The typical rhythm goes like this:

  1. An individual contributor creates a first draft of a document and sends it to her boss for review.
  2. The boss provides comments and sends the document back to her.
  3. She does a revision of the document and returns it to her boss.
  4. The boss sends the document around for more feedback from the bosses peer set (other managers), collects feedback, then returns the document to her.
  5. Employee revises again, then again returns the document to her boss – and finally the boss sends the document up the leadership chain to her boss, repeating steps 1-4 at every successive level of the hierarchy until the document reaches “final” draft and is sent to senior managers or the CEO.

Based on this trend, each layer of management requires five separate efforts (one creative effort, two review efforts, and two revision efforts). Assuming each effort takes one hour – that’s five hours of work per reporting tier. Assuming a corporate structure with three levels of management – that’s up to 15 hours of work per document.

Here’s a provocative question: How much value do you think is added in between the first draft and the final draft? 10%? 25%? 50%?

Even if 50% of the document’s value is added in manager review, that’s still incredibly low efficiency in terms of value added per hour vs. the original effort of writing the first draft.
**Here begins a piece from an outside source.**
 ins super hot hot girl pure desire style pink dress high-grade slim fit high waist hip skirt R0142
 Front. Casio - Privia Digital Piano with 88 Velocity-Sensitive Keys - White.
The first hour of effort creates 50% of the value, and then the next 14 hours create (in aggregate) 50% of the effort; meaning each hour after the first is – on average – 1/14th as efficient as the original effort. What if, instead of sending the final draft of a document to the CEO, we made the habit of sending the first draft instead?

In this case, the document is CEO-bound anyway, so it wouldn’t materially increase what the CEO has to review. Further, it prevents that back-to-square-one situation you’ve probably experienced before: several employees spend hours fine-tuning a draft just to find out that senior management discovers a fundamental problem with it during the “final” review phase.

It’s an interesting culture dynamic. Are you a company who sends the final draft of documents to the CEO, or a company who sends the first draft to the CEO? In today’s fast-moving technology market where major company-changing decisions are made weekly, I strongly believe the latter will win.